DATA RECORDS:
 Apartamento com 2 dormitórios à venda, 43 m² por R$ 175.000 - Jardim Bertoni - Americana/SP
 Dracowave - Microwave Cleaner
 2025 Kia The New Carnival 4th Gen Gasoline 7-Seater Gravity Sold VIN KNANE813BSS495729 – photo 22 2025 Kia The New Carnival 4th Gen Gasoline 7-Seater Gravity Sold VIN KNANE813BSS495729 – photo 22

==

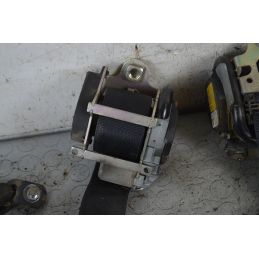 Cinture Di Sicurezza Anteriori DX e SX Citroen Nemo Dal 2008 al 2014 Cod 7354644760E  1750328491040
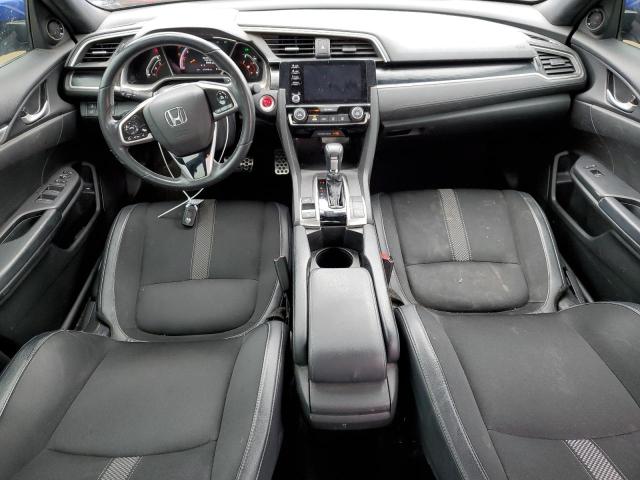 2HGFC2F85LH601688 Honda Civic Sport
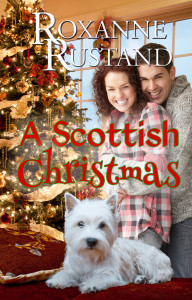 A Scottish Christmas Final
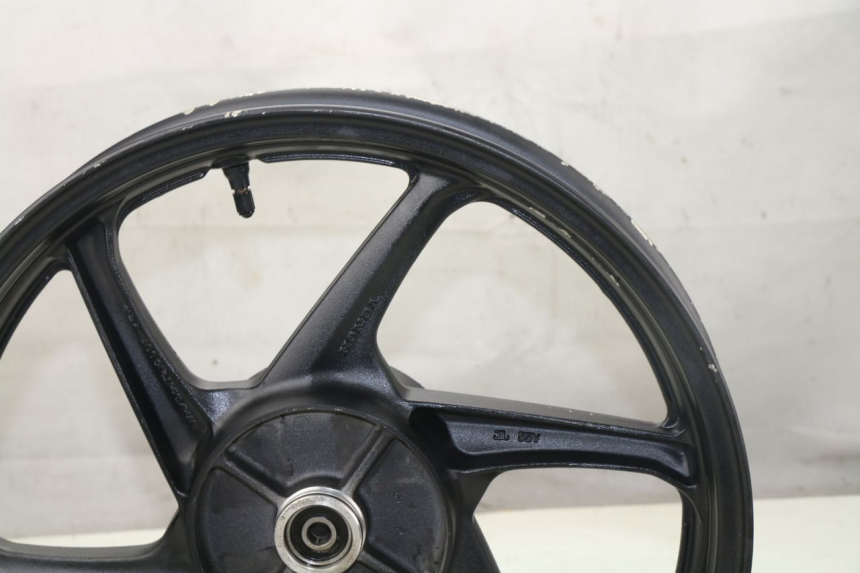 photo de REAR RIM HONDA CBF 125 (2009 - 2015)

YOUR OBJECTIVE:
What you return must be an exact retyping of the lines above starting at the line with "Apartamento com 2" and ending at the line with "photo 22 2025", and nothing besides.

RESPONSE TO THE TASK:
 Apartamento com 2 dormitórios à venda, 43 m² por R$ 175.000 - Jardim Bertoni - Americana/SP
 Dracowave - Microwave Cleaner
 2025 Kia The New Carnival 4th Gen Gasoline 7-Seater Gravity Sold VIN KNANE813BSS495729 – photo 22 2025 Kia The New Carnival 4th Gen Gasoline 7-Seater Gravity Sold VIN KNANE813BSS495729 – photo 22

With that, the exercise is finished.